With millennials setting aside an estimated for travel during 2015, they’re an increasingly valuable customer base for airlines, hotels, and other travel brands. Marketers clearly need to invest in reaching this younger cohort, but they cannot rely on traditional channels like TV or radio to forge a connection with them.
Instead, travel brands need to go to where millennials actually are spending their time. And there’s probably no more important place right now than Instagram, especially when you consider that it’s become the default option for travelers to post their whimsically-filtered photos.
So far, the travel industry has been relatively slow to invest in Instagram and other visual inspiration channels because of their overall orientation to direct response. Marketers in this vertical are used to setting up campaigns that deliver a clear return on investment regarding bookings, and of course, you can’t book a flight or a hotel room from the Instagram feed. But to neglect Instagram, for this reason, is to miss the point entirely — the platform should be treated as a channel for branding and inspiration, not sales.
Millennials are visual-inspiration shoppers.They’re less likely than those older than them to have a clear idea of what they want at the outset of their search, and this especially pertains to travel. They’re also more likely to use social media for research — planning as much for activities as well as for where to stay.
Here are four approaches that travel brands can employ to increase their standing among millennials using Instagram.
1. Create “Instagrammable” moments.
Instagram is a platform where authenticity rules and regular people’s photos have a lot more credibility than professionally-staged branded content. So while travel brands should certainly be posting photos and dedicating ample resources to their efforts, getting visitors to post pictures of relevant destinations and experiences is considerably more effective due to word-of-mouth amplification.
Easier said than done, of course, but it’s important to review your assets with an Instagram-design eye. If you’re a hotel brand, you could think about redecorating your lobby or common areas to make them more visually appealing for the camera. Or if you’re a hiking operator, you could consider recommending a few places for your guests to take photos.

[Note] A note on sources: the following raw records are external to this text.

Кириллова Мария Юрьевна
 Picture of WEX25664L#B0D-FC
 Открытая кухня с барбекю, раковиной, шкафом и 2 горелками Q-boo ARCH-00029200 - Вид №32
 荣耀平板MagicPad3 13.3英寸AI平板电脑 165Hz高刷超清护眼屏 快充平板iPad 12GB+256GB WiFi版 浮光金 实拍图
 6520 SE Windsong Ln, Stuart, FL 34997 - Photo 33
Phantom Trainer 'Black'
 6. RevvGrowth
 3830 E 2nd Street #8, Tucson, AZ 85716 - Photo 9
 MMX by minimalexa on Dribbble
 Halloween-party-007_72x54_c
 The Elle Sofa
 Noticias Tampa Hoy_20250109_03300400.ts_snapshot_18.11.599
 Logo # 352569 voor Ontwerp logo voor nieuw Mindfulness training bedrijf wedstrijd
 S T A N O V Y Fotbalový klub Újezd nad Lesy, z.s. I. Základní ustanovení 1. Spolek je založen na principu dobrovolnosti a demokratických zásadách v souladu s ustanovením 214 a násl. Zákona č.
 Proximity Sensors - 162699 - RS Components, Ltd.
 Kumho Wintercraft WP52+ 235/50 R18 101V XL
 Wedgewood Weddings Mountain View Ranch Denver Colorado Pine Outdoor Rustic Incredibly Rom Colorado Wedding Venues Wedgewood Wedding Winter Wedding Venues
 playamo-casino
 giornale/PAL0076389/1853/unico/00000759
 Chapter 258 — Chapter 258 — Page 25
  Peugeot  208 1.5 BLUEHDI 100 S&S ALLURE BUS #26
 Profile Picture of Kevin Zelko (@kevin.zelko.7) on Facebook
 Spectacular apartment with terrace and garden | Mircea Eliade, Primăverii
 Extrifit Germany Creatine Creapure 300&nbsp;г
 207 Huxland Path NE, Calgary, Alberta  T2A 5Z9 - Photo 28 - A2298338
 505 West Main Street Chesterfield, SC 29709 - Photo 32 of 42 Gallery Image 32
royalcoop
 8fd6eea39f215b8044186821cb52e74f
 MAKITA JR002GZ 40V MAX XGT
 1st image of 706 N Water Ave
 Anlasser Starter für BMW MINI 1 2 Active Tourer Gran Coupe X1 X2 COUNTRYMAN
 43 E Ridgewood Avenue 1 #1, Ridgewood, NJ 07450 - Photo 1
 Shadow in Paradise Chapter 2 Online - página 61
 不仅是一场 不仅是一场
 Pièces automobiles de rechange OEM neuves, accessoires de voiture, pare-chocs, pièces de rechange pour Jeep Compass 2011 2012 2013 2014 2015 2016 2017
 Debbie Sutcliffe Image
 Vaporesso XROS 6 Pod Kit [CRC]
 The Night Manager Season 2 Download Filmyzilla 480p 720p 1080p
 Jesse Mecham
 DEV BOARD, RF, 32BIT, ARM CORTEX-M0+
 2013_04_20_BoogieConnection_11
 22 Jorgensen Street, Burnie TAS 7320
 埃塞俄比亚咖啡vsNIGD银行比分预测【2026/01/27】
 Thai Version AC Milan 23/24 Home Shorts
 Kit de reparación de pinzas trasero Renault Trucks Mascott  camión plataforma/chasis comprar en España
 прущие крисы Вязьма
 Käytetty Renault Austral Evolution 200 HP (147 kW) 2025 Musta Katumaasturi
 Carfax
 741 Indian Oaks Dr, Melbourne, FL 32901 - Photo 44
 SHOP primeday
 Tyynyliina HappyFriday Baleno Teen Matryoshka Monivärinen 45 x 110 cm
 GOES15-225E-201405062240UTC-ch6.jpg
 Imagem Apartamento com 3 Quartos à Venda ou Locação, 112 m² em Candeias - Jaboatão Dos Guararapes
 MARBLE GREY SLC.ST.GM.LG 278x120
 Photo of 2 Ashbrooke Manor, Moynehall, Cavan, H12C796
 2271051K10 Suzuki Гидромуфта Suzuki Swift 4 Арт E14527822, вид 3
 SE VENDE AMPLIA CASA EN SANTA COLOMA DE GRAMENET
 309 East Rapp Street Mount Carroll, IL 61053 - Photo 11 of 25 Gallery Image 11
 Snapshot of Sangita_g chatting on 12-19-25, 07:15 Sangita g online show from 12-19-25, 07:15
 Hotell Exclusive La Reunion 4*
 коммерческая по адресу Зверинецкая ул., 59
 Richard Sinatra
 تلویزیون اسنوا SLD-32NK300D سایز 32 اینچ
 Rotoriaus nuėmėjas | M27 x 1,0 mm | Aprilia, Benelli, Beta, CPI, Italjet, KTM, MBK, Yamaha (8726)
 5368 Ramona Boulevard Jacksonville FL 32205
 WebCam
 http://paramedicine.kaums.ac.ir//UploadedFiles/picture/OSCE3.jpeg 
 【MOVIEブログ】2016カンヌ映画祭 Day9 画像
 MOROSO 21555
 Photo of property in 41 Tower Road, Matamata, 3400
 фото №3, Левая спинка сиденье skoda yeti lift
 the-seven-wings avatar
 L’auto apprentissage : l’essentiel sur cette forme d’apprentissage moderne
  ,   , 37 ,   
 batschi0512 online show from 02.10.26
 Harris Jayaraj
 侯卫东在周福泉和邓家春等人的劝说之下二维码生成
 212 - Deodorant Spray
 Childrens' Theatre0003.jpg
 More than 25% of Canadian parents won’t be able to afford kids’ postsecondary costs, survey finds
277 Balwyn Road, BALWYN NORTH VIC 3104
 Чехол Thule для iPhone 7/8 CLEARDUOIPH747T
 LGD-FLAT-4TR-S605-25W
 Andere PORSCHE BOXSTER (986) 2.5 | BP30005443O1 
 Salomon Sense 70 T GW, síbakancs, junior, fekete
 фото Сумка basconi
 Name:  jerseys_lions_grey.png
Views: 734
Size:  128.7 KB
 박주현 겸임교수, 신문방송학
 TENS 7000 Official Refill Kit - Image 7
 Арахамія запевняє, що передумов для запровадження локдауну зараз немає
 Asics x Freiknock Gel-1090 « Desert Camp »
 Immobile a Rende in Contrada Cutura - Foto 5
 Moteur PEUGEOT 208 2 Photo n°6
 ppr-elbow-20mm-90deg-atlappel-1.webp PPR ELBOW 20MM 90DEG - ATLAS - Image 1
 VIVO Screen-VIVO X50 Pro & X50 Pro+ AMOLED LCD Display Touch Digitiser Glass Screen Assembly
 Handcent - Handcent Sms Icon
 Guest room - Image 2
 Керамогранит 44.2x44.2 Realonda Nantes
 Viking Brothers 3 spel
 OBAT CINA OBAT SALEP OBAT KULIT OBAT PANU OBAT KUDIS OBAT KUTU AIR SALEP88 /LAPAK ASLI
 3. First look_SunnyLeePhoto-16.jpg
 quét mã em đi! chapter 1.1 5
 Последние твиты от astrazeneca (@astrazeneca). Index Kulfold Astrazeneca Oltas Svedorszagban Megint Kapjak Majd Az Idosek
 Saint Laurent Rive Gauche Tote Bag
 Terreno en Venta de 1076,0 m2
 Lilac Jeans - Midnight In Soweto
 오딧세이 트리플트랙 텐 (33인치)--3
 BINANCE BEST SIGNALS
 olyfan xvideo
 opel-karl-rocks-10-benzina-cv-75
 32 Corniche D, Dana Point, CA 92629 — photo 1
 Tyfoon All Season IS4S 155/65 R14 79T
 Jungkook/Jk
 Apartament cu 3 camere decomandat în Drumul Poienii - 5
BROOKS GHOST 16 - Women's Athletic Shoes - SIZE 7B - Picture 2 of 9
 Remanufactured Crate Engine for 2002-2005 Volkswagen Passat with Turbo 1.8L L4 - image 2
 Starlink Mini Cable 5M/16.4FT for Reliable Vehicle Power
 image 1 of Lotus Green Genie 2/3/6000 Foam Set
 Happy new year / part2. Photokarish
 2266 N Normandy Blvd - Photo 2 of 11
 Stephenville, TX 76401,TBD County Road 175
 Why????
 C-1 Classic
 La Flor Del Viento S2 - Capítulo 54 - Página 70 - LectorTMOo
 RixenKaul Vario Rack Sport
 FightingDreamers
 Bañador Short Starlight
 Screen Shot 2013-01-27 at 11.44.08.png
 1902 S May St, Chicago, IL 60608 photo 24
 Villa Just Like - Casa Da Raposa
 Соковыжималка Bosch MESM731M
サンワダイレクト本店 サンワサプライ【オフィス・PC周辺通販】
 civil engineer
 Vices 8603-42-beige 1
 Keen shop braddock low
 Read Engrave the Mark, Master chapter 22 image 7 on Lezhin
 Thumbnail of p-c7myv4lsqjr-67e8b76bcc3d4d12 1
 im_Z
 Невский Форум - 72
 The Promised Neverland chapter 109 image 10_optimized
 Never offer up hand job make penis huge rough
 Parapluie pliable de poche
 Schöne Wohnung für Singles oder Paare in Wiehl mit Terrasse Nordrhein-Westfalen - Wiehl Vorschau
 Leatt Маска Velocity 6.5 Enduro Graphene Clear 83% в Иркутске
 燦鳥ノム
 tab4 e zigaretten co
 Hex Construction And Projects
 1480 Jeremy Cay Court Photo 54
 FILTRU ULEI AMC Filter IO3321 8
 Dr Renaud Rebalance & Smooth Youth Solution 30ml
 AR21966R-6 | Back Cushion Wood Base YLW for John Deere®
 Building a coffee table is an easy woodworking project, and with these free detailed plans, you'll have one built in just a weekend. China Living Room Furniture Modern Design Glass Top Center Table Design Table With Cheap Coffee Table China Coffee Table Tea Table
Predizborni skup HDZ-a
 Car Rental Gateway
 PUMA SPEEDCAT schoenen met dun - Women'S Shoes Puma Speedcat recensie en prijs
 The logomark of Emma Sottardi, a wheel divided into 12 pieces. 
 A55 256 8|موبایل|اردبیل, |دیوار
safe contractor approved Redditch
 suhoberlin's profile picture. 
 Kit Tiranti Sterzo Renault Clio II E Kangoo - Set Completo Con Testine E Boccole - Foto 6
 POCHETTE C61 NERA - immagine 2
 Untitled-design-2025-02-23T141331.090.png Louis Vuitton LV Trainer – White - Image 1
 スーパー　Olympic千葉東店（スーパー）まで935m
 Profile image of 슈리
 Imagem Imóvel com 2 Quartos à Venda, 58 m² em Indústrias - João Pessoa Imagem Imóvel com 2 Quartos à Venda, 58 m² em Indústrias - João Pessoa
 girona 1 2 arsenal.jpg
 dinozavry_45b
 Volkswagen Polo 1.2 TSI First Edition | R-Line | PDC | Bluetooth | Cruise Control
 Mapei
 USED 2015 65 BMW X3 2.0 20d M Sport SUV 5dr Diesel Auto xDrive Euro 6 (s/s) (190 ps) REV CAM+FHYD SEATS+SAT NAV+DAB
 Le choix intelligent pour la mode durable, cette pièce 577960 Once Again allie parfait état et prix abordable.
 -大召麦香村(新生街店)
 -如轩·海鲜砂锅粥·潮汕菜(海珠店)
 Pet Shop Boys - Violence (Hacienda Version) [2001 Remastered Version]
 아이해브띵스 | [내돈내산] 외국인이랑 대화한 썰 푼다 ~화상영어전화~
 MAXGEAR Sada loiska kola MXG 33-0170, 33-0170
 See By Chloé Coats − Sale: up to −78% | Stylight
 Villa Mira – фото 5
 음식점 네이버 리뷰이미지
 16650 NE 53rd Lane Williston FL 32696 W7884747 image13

Let the data speak for itself. If hotel guests are already taking pictures of their bathrooms, a savvy marketing manager might think of ways to make the design of that particular space — be it the arrangement of the soaps and shampoos or some other detail — more intriguing to generate more images.
2. Listen to your guests.
Show visitors you’re listening by liking and commenting on the photos of guests who post pictures of their experience with you. These small actions will go a long way toward fostering loyalty toward your brand. You can also take it a step further and offer coupons or credit to guests who tag your brand in their posts. When customers see a brand genuinely listening to their customers and engaging with real people, it helps to humanize and validate the brand’s online presence.
3. Hire influencers.
Of course, not all Instagram users are created equal in their value to marketers, and a photo by an influencer with massive reach is inherently more valuable than a picture from a person with 50 followers.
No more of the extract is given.